Parameter Description Type
url Used to perform the HTTP request String
headers HTTP headers Map[String,String]
params HTTP params Map[String,String]
hiddenParams HTTP params which are hidden (not exposed in logs) Map[String,String]
method HTTP Method String
requestHandler Closure to handle HTTP request (Row,Session,String,Map[String,String],String) => requests.Respons
session Closure to handle HTTP sessions () = requests.Session
connectTimeout Timeout in ms to keep the connection keep-alive, it's recommended to keep this number high Int
readTimeout Maximum number of ms to perform a single HTTP request Int
batchSize Number of records sent in a single HTTP transaction Int
batchDelimiter Closure used to determine how the batch data will be created (Seq[Row]) => String

Special Columns

Input:
Parameters Mandatory Description
__ID__ Yes This field will be in response of http.almaren component which is array[string] , it's useful to join data
__DATA__ Yes Data Content (productName,producePrice) , used in POST/PUT Method HTTP requests . For GET request it can be empty String
Output:
Parameters Description
__ID__ Custom ID , This field will be useful to join data which is of type array[string]
__BODY__ HTTP response
__HEADER__ HTTP header
__STATUS_CODE__ HTTP response code
__STATUS_MSG__ HTTP response message
__ERROR__ Java Exception
__DATA__ Payload (Data content) sent to each batch API request

Methods

The following methods are supported:

  • POST
  • GET
  • HEAD
  • OPTIONS
  • DELETE
  • PUT

Request Handler Batch

You can overwrite the default _requestHandlerBatch_ closure to give any custom HTTP Request.

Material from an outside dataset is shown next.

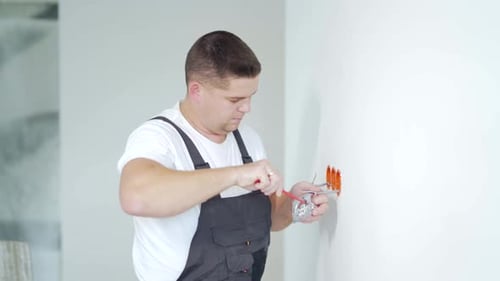 Male worker professional qualified electrician installs electrical outlet in apartment after repair.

  val customHandlerBatch = (data:String, session:Session, url:String, headers:Map[String, String], params:Map[String, String], method:String, connectTimeout:Int, readTimeout:Int) => {
    method.toUpperCase match {
      case "GET" => session.get(url, headers = headers, params = params, readTimeout = readTimeout, connectTimeout = connectTimeout)
      case "DELETE" => session.delete(url, headers = headers, params = params, readTimeout = readTimeout, connectTimeout = connectTimeout)
      case "OPTIONS" => session.options(url, headers = headers, params = params, readTimeout = readTimeout, connectTimeout = connectTimeout)
      case "HEAD" => session.head(url, headers = headers, params = params, readTimeout = readTimeout, connectTimeout = connectTimeout)
      case "POST" => session.post(url, headers = headers, params = params, data = data, readTimeout = readTimeout, connectTimeout = connectTimeout)
      case "PUT" => session.put(url, headers = headers, params = params, data = data, readTimeout = readTimeout, connectTimeout = connectTimeout)
      case method => throw new Exception(s"Invalid Method: $method")
    }
  }
     
almaren.builder
    .sql("...")
    .httpBatch(method = "POST", requestHandler = customHandlerBatch)
Batch Delimiter

Is a closure used to determine how the batch data will be created. The default behavior is to concatenate by new line. Example, if your __DATA__ column has string by row. It will create a batch where the number of lines is defined by the batchSize parameter:

foo
bar
baz
...
Examples

If the __DATA__ column is a JSON string {foo:"bar"} where you need to convert to an array of JSON [{foo:"bar"},{foo:"baz"}}:

(rows:Seq[Row]) => s"""[${rows.map(row => row.getAs[String](Alias.DataCol)).mkString(",")}]""")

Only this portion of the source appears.